June 1, 2026
How to Reduce Flaky Tests in GitHub Actions Without Hiding Real Failures
A practical guide to reducing flaky tests in GitHub Actions with retries, isolation, logging, and CI failure triage without masking real product defects.
Flaky tests are one of the easiest ways to waste engineering time in CI. A test passes locally, fails once in GitHub Actions, passes on retry, and then everyone loses confidence in the pipeline. The danger is not just noise, it is the slow erosion of trust. Once a team starts assuming failures are probably random, real regressions can linger longer than they should.
The goal is not to eliminate every intermittent failure at any cost. The goal is to reduce flaky tests in GitHub Actions while keeping true defects visible, actionable, and hard to ignore. That means treating flakiness as a system problem, not just a test problem. It often involves the test itself, the app under test, the CI environment, network boundaries, timing, data isolation, and how failures are reported.

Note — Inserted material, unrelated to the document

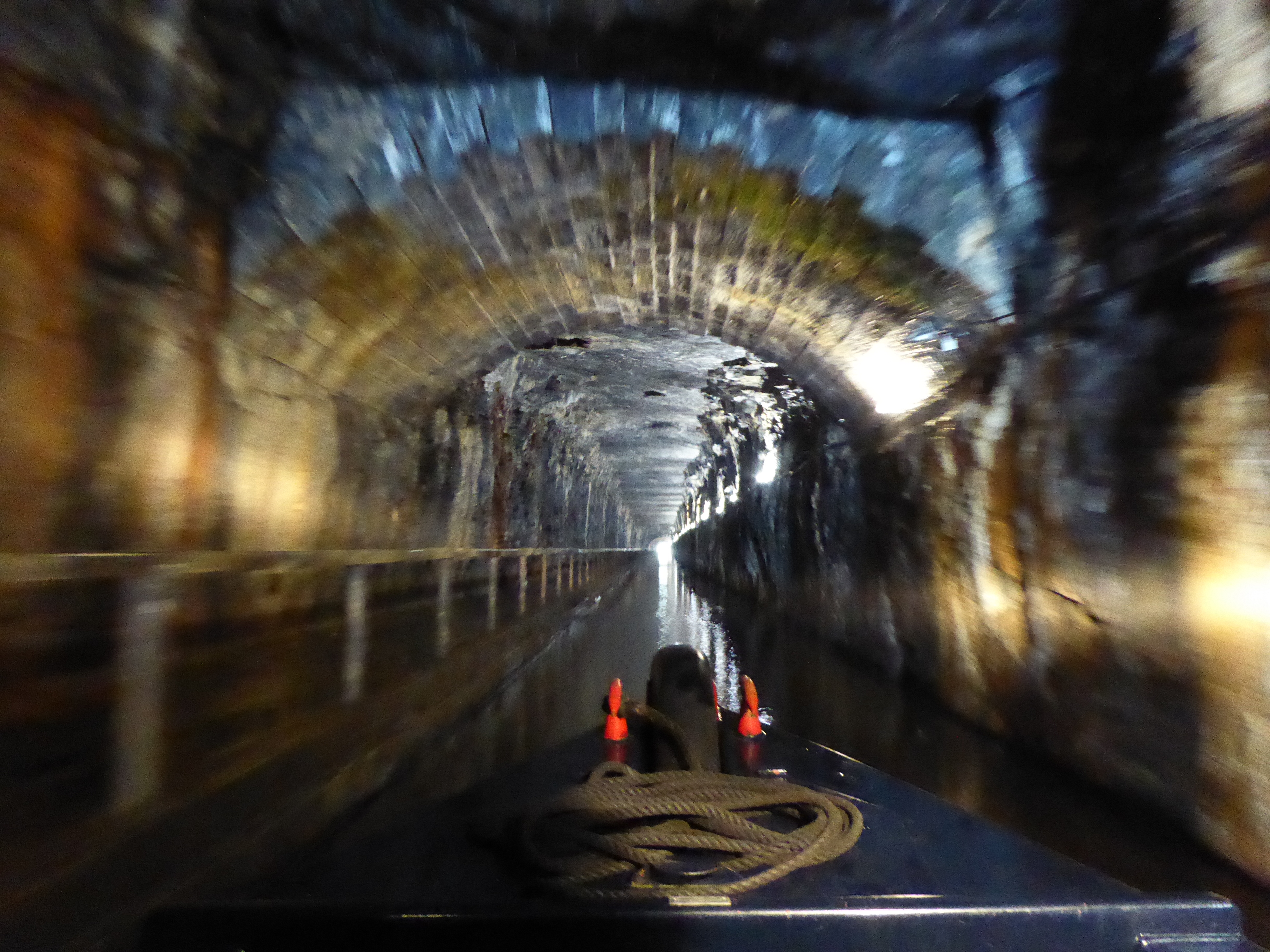 Falkirk Tunnel  - 631m long through solid rock and one boat width wide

This guide is a practical workflow for DevOps engineers, SDETs, QA leads, and release engineers who need to make GitHub Actions more reliable without hiding product failures behind aggressive retries.
What flaky tests actually are
A flaky test is a test that sometimes passes and sometimes fails without a meaningful change in the product behavior. That sounds simple, but in CI there are several distinct sources of intermittency:
- Timing issues, such as UI elements appearing later than the test expects
- Shared state, such as database records or files left by previous jobs
- Infrastructure noise, such as CPU starvation or transient network errors
- Test order dependence, where one test changes state another test assumes
- Environment drift, such as different browser versions, locale, timezone, or node dependencies
- App instability, where the product itself is producing nondeterministic behavior
Not every intermittent failure is a flaky test. Some are signals that your system is underprovisioned, your setup is non-deterministic, or your application has a real race condition.

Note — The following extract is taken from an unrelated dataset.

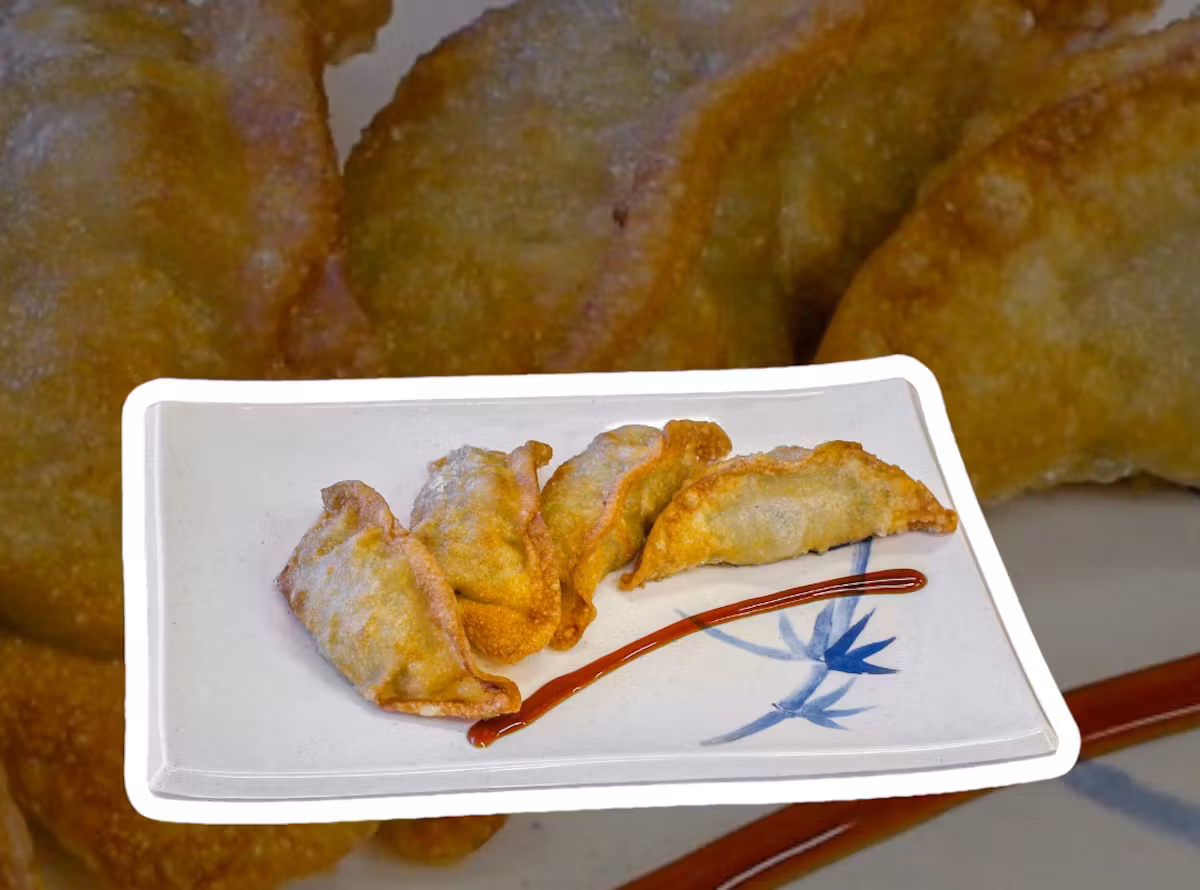 Gyoza on a plate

That distinction matters because the response should differ. A genuine product race condition should fail loudly. A bad wait strategy should be fixed in the test. A noisy CI host should be stabilized or isolated. A retry policy can help in some cases, but retries alone are not a strategy.
Start with failure classification, not retries
If you want to reduce flaky tests in GitHub Actions, the first step is to classify failures into buckets. That gives you a policy for what to retry, what to quarantine, and what to escalate.

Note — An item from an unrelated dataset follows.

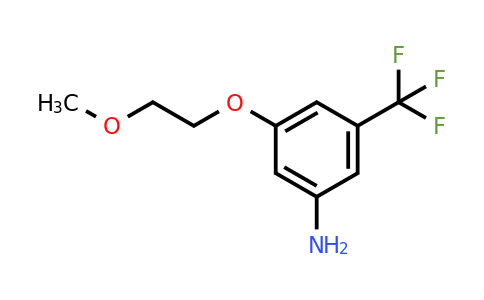 CAS 880882-07-5 | 3-(2-Methoxyethoxy)-5-(trifluoromethyl)aniline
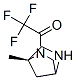 2,5-Diazabicyclo[2.2.1]heptane, 1-methyl-2-(trifluoroacetyl)-, (1R)- (9CI) Struktur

A useful working taxonomy is:
1. Product defect
The test failed because the application behaved incorrectly. Examples:
- Validation error not shown when required
- API returned malformed data
- UI state did not match the expected business rule
Do not retry these away. They should fail immediately and be visible in release gating.
2. Test defect
The test is poorly written or too tightly coupled to timing, DOM structure, or shared state. Examples:
- Hard-coded sleep instead of waiting for a specific condition
- Unstable selector tied to CSS layout classes
- Cleanup omitted after test data creation
These should be fixed in the test suite, not masked.
3. Environment or infrastructure noise
The test depends on CI conditions outside the app code. Examples:
- Browser startup failed because the runner is overloaded
- A temporary DNS error occurred
- A service container was not ready yet
Some of these can be retried, but only if you can distinguish them from true application failures.
4. Data or dependency instability
External services, test data, or fixtures are inconsistent. Examples:
- Shared test account state changes unexpectedly
- Third-party API rate limiting causes occasional failure
- Seed data differs between jobs
The fix is usually isolation, better mocks, contract tests, or test environment control.
5. Observability gap
The test may be failing for a real reason, but the failure does not contain enough context to know why. In practice, this is where many teams get stuck.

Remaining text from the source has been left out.